Stigma was still a bit of an enigma. She was quite shy around humans, but she had shown a strong interest in interacting with the animals that lived next door to her. Her confidence was growing day-by-day, and she even got to the point where she was comfortable approaching the fence line to say, “Hello!” (especially for a treat). She also loved to follow the scent trails of her caretakers, gathering information and exploring all the smells she could find.


Stigma shared an enclosure with low-content wolfdog, Kenai. The two lived in neighboring enclosures for a few weeks, and were finally introduced to each other on New Year’s Day, 2021. At this first meeting, Stigma was super excited about Kenai, though he was busy checking out a different habitat.

Likes & Dislikes

Stigma loved to play with her companion, Kenai, and neighbors through the fence. She also enjoyed rummaging around for new scents, especially when it required burrowing through the snow.
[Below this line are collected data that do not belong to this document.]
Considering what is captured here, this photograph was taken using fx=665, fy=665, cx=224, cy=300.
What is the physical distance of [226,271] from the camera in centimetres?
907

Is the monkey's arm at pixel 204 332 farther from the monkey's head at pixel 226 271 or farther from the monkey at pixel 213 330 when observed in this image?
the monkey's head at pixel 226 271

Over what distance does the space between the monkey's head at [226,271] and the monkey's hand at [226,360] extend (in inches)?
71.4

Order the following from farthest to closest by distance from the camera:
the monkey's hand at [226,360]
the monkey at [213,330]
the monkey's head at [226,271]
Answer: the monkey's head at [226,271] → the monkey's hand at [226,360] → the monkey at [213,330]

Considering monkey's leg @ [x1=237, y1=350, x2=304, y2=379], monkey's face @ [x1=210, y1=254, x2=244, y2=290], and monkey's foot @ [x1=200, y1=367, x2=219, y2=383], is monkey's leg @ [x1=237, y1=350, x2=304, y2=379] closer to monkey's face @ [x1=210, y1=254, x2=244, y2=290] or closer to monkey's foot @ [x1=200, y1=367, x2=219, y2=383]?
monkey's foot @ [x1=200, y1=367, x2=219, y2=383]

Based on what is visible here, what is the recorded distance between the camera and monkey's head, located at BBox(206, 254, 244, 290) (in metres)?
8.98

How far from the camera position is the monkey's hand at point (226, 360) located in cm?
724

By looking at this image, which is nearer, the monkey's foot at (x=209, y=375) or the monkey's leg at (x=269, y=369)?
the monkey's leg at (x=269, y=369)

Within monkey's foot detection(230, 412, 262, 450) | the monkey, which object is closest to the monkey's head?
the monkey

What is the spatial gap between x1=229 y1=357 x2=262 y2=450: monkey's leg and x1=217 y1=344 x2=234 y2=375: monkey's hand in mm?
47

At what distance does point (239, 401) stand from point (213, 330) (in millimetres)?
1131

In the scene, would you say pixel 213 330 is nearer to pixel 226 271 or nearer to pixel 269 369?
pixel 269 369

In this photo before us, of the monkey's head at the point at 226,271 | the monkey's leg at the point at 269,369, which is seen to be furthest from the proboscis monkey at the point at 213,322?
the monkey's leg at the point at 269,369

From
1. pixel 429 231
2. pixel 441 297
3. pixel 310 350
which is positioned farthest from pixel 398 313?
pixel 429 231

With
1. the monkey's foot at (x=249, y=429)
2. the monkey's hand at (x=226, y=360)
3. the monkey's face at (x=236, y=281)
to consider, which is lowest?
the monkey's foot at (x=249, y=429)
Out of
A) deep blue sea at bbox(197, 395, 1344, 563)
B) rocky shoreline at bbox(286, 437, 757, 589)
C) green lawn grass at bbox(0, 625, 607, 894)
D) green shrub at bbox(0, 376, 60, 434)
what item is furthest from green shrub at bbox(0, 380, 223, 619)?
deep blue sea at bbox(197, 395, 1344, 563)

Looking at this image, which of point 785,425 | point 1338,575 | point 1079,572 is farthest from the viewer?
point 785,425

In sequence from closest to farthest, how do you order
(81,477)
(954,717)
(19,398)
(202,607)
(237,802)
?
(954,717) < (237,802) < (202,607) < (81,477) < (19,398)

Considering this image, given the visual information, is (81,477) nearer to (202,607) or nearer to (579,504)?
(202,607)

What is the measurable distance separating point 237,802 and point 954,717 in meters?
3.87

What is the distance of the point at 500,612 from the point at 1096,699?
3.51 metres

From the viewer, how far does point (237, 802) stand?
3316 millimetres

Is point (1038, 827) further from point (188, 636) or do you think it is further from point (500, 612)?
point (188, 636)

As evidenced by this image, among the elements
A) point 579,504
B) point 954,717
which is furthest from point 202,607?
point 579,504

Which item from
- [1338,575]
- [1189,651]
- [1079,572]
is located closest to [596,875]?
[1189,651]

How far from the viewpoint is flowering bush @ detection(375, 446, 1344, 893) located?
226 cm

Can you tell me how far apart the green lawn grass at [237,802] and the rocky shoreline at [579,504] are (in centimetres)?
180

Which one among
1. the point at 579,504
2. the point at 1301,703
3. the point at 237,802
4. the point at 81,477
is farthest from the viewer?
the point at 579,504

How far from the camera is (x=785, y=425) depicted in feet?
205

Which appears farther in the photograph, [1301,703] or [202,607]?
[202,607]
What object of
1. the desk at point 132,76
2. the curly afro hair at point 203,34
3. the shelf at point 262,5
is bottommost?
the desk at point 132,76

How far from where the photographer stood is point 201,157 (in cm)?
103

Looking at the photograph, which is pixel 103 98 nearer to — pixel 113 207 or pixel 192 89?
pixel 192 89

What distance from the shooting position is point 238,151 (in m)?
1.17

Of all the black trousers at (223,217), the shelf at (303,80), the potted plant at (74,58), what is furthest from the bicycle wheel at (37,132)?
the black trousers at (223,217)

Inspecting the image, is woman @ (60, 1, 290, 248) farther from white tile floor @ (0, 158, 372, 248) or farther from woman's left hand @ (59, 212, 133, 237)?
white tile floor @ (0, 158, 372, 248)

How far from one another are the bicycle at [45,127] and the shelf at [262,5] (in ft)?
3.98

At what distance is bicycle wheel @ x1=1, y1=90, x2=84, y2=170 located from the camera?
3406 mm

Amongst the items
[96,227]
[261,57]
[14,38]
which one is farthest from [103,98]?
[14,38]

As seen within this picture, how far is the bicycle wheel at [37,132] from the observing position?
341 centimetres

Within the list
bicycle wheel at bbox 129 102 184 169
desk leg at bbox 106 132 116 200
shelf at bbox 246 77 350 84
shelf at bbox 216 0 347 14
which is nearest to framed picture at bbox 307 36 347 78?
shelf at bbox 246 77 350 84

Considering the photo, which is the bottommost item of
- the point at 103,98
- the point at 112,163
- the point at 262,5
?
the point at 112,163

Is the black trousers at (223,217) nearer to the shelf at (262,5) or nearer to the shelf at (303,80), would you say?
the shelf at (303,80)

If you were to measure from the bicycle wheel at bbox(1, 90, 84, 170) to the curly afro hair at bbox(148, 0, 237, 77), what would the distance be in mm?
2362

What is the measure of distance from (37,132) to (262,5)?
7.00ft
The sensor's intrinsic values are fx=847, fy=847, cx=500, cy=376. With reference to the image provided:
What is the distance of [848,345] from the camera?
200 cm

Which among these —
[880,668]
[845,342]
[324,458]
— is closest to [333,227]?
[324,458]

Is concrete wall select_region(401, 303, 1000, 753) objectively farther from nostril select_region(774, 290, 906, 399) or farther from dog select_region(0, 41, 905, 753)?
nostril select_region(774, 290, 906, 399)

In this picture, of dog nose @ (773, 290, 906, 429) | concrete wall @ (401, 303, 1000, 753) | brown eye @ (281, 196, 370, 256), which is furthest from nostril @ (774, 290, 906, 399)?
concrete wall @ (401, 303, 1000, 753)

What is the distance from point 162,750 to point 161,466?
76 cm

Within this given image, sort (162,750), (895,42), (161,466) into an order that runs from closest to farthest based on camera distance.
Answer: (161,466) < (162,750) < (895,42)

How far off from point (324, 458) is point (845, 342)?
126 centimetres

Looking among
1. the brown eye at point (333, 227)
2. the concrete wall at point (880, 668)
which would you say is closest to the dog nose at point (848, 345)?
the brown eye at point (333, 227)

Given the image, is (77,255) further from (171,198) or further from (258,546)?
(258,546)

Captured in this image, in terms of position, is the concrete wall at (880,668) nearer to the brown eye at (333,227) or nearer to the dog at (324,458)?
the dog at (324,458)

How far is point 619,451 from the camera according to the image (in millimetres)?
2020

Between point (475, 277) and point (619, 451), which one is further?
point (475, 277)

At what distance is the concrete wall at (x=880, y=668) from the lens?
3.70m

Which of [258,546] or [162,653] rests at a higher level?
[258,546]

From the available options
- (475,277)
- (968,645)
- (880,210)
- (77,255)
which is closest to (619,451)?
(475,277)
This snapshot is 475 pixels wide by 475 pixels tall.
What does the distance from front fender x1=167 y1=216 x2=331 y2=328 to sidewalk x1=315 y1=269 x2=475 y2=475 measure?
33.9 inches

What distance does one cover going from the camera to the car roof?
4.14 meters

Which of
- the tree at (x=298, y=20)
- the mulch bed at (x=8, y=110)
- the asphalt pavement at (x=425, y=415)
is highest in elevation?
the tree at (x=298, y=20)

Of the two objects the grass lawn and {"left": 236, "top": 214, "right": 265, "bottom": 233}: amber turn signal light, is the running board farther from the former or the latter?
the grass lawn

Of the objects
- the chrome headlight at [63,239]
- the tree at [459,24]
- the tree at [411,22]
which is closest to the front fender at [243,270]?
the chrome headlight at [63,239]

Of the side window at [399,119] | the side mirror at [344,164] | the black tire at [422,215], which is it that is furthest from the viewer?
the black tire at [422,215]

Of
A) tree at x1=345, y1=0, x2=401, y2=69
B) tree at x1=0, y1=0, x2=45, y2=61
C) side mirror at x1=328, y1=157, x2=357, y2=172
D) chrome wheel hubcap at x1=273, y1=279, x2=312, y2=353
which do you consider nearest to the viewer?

Stigma was a bit shy, and as such, was not a huge fan of people, especially in large groups.

Fun Facts

Stigma was affectionately known as “Bean Blossom”. This nickname was assigned by our staff members when she was loaded into the transport van, after driving through Beanblossom, Indiana. It was repeated the entire drive home. Needless to say, it stuck.

Share your Memories of Stigma Below!


  1. lisa egner

    I have chosen Stimga or “Bean Blossom” as my Stimulus check donation wolf sponsorship. Wild Spirit has been in my life a long time and im looking forward to following Stigma. If all goes forward Stigma I will see you in the spring.

    • Wild Spirit Wolf Sanctuary

      Dear Lisa,

      Thank you for giving love to Stigma! She is a sweetheart, and we also hope you can visit in the spring!

  2. Susan LaRue

    Bless you for what you are able to do for these animals. I have visited your facility and was very impressed!


      Oh how wonderful! I have one of Stigma’s boys (black phase named Creed) from her 2019 litter! Absolutely wonderful temperament!
      So happy she found a great home!